Pictures with short captions
BEGIN

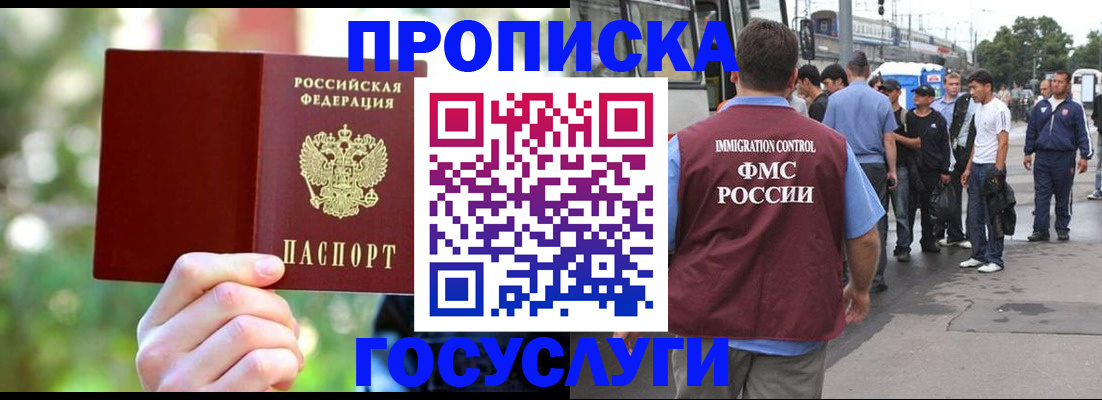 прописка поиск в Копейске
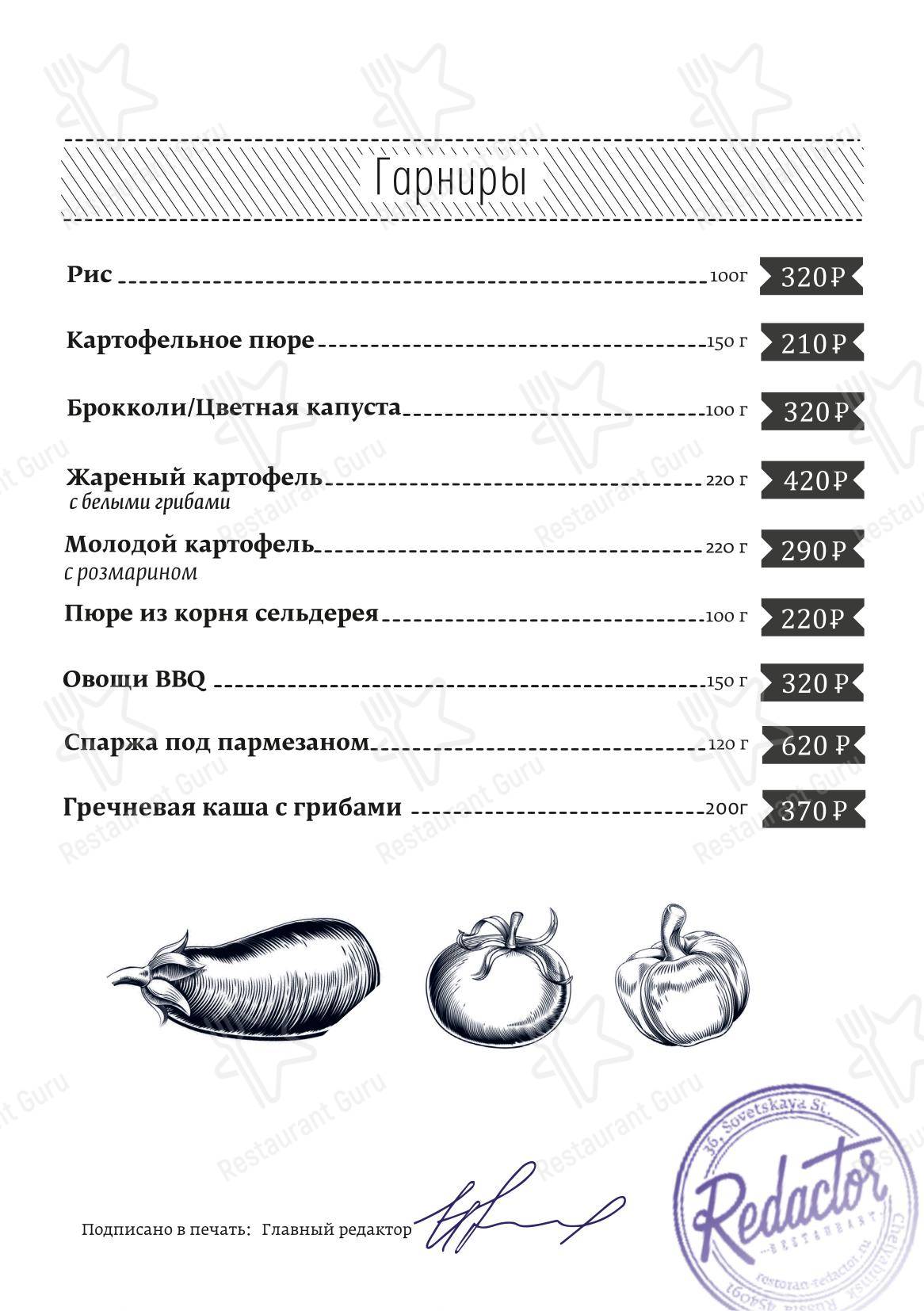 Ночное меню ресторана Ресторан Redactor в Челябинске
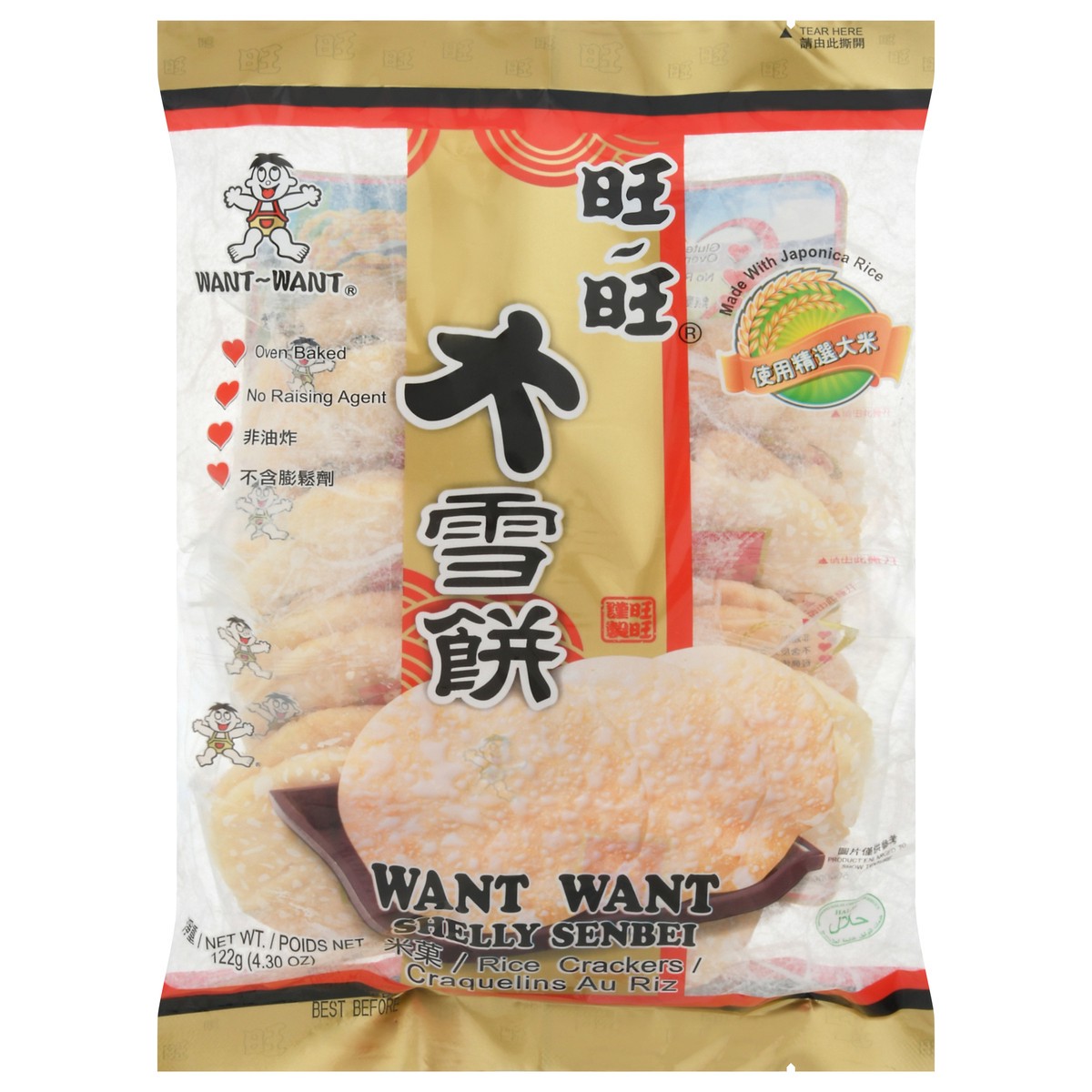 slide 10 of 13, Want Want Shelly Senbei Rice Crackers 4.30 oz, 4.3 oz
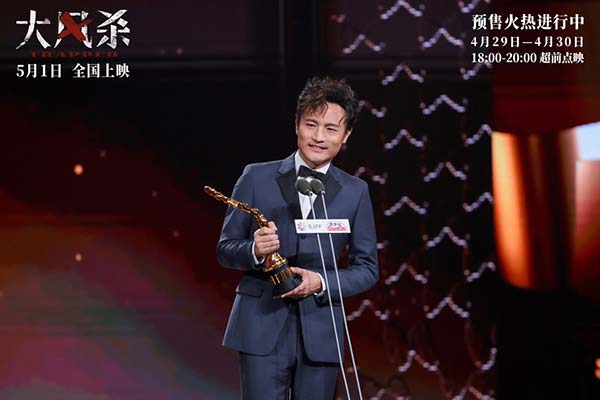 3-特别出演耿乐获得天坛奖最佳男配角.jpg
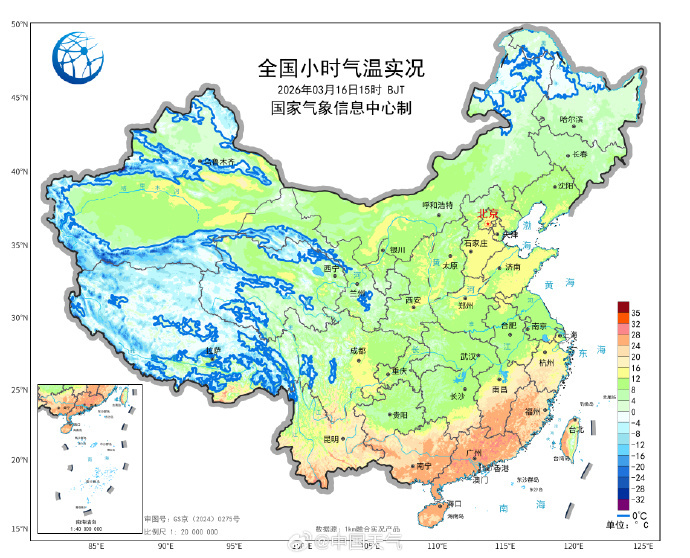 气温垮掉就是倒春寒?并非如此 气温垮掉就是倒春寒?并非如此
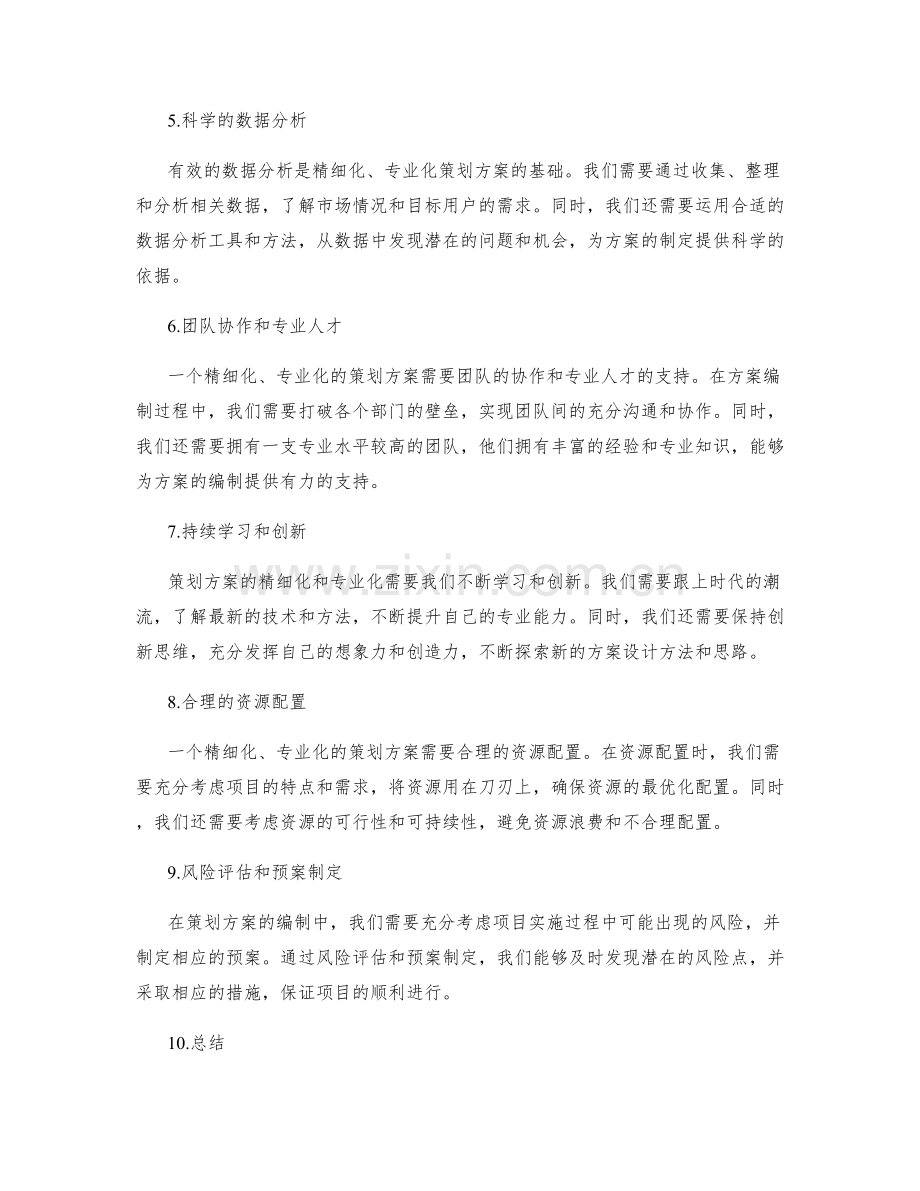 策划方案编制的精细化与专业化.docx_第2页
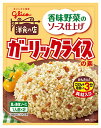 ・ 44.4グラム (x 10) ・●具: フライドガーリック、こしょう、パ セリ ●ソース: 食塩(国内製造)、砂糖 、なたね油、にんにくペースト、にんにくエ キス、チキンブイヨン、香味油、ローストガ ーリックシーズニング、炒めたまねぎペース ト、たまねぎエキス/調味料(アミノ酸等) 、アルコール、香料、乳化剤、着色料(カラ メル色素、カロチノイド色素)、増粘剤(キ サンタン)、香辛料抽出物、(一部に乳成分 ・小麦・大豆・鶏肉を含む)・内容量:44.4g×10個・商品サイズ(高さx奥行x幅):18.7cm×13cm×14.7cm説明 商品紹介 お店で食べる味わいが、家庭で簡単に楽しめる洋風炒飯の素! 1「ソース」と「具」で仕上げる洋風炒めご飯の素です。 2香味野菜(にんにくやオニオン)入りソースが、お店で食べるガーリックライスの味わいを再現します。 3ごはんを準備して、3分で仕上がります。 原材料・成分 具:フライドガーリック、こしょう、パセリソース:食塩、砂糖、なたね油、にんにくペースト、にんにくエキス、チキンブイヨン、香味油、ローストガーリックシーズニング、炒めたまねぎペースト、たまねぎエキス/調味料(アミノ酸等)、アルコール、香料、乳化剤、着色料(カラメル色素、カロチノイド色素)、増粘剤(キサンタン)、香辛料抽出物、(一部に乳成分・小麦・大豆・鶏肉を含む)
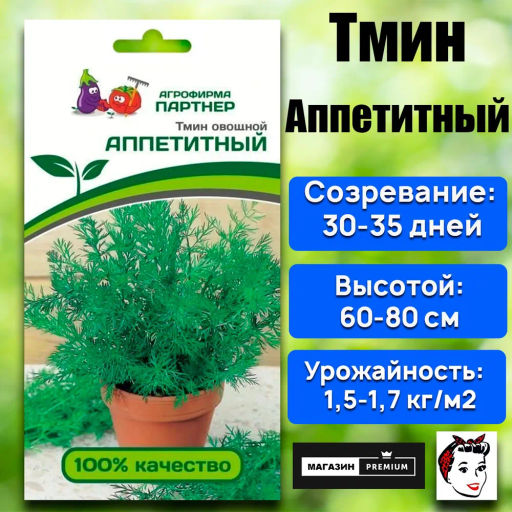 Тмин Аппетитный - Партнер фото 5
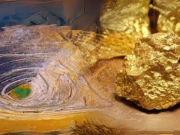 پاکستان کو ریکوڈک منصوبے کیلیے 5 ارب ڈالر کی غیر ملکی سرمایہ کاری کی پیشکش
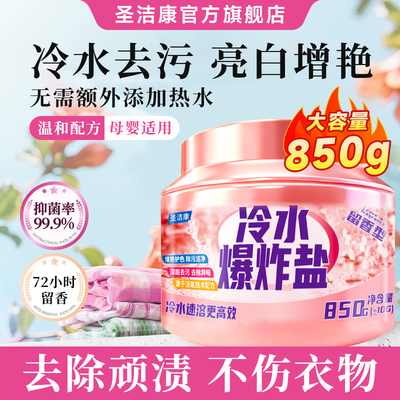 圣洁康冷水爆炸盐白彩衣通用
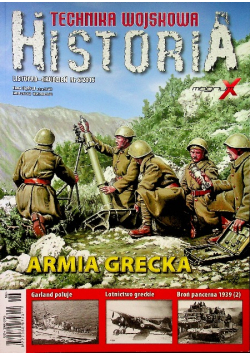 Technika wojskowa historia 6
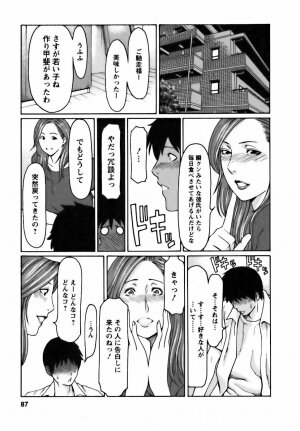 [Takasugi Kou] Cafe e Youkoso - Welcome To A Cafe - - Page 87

END

Please give all of the data again, exact and free of pictures.

 прописка поиск в Копейске
 Ночное меню ресторана Ресторан Redactor в Челябинске
 slide 10 of 13, Want Want Shelly Senbei Rice Crackers 4.30 oz, 4.3 oz
 3-特别出演耿乐获得天坛奖最佳男配角.jpg
 气温垮掉就是倒春寒?并非如此 气温垮掉就是倒春寒?并非如此
 策划方案编制的精细化与专业化.docx_第2页
 ・ 44.4グラム (x 10) ・●具: フライドガーリック、こしょう、パ セリ ●ソース: 食塩(国内製造)、砂糖 、なたね油、にんにくペースト、にんにくエ キス、チキンブイヨン、香味油、ローストガ ーリックシーズニング、炒めたまねぎペース ト、たまねぎエキス/調味料(アミノ酸等) 、アルコール、香料、乳化剤、着色料(カラ メル色素、カロチノイド色素)、増粘剤(キ サンタン)、香辛料抽出物、(一部に乳成分 ・小麦・大豆・鶏肉を含む)・内容量:44.4g×10個・商品サイズ(高さx奥行x幅):18.7cm×13cm×14.7cm説明 商品紹介 お店で食べる味わいが、家庭で簡単に楽しめる洋風炒飯の素! 1「ソース」と「具」で仕上げる洋風炒めご飯の素です。 2香味野菜(にんにくやオニオン)入りソースが、お店で食べるガーリックライスの味わいを再現します。 3ごはんを準備して、3分で仕上がります。 原材料・成分 具:フライドガーリック、こしょう、パセリソース:食塩、砂糖、なたね油、にんにくペースト、にんにくエキス、チキンブイヨン、香味油、ローストガーリックシーズニング、炒めたまねぎペースト、たまねぎエキス/調味料(アミノ酸等)、アルコール、香料、乳化剤、着色料(カラメル色素、カロチノイド色素)、増粘剤(キサンタン)、香辛料抽出物、(一部に乳成分・小麦・大豆・鶏肉を含む)
 Тмин Аппетитный - Партнер фото 5
 پاکستان کو ریکوڈک منصوبے کیلیے 5 ارب ڈالر کی غیر ملکی سرمایہ کاری کی پیشکش
 圣洁康冷水爆炸盐白彩衣通用
 Technika wojskowa historia 6
 [Takasugi Kou] Cafe e Youkoso - Welcome To A Cafe - - Page 87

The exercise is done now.